3. The method as set forth in claim 1 further including the step of disposing an airbag tape on at least a body portion of the airbag reinforcement board and the instrument panel substrate to secure the body portion of the airbag reinforcement board to the instrument panel substrate.

4. The method as set forth in claim 1 further including the step of soaking a cellulosic material with one of a thermoplastic plastic or thermoplastic elastomer to form a raw material.

5. The method as set forth in claim 4 wherein the cellulosic material is at least one of glass fiber, bast fiber, cotton fiber and bamboo fiber.

6. The method as set forth in claim 4 wherein the thermoplastic plastic includes polypropylene.

7. The method as set forth in claim 4 wherein the thermoplastic elastomer is a mixture of at least one of acrylonitrile-butadiene-styrene and polycarbonate (ABS/PC), thermoplastic polyolefin (TPO), and acrylonitrile-butadiene-styrene (ABS).

8. The method as set forth in claim 1 further including the step of combining a surface of the airbag reinforcement board with a layer of compacted material.

9. The method as set forth in claim 1 wherein the thermoforming step further includes the step of heating the airbag reinforcement board to a temperature in the range of 160-200° C.

10. The method as set forth in claim 1 further including the steps of:

defining an airbag opening in the substrate; and

disposing the airbag reinforcement board continuously over the airbag opening to receive the impact of the airbag when deployed.

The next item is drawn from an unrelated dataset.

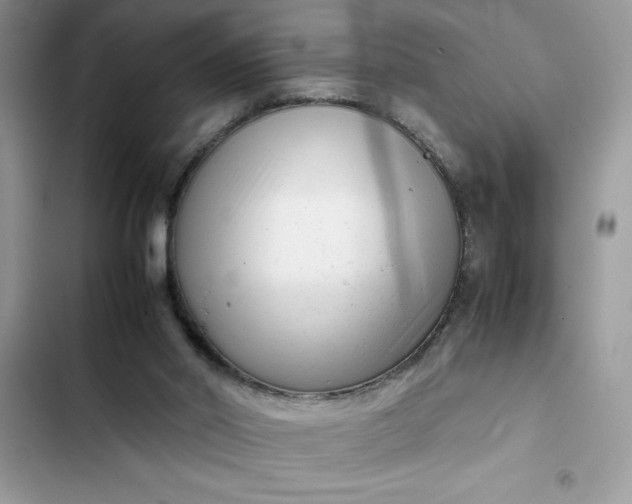 X0000102340014200808151738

11. The method as set forth in claim 1 wherein the thermoforming step is further defined as pressing the airbag reinforcement board to form a certain shape and maintain the shape.

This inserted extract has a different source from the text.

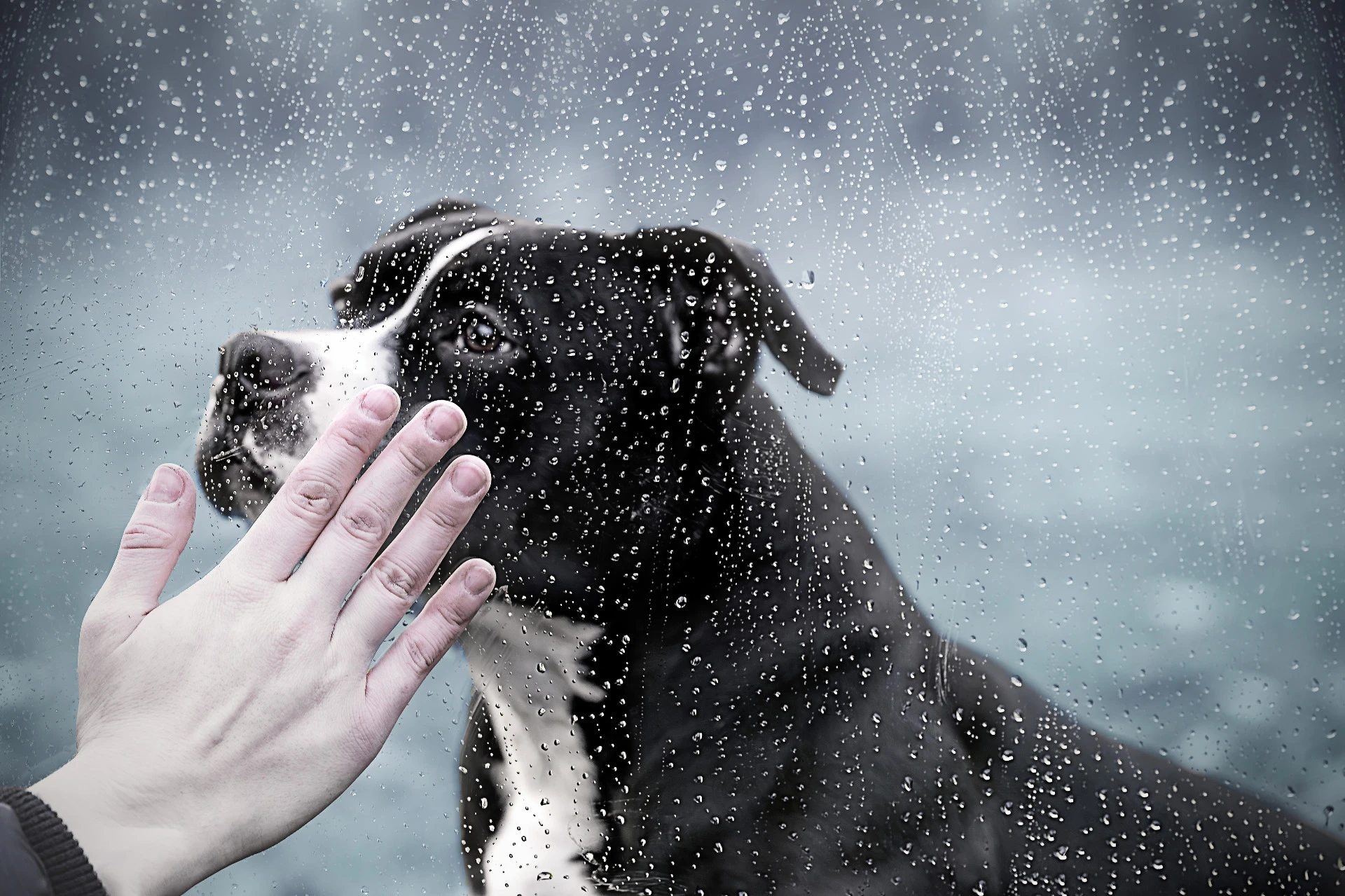 A Touch Through the Rain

12. The method as set forth in claim 1 further including the step of laminating a membrane on the airbag reinforcement board to form a compact joint surface with the foam layer, so that foam layer will not peel off from the airbag reinforcement board door during the deployment of the airbag.

13. The method as set forth in claim 4 further including the step of trimming the raw material to form a raw material sheet.

14. The method as set forth in claim 13 further including the step of holding the raw material sheet in a heating device to make the temperature of the surface and the interlayer of the raw material sheet uniform.

15. The method as set forth in claim 13 further including the steps of:

placing the raw material sheet in a thermoforming tool; and

applying a pressure to the raw material sheet to form the airbag reinforcement board.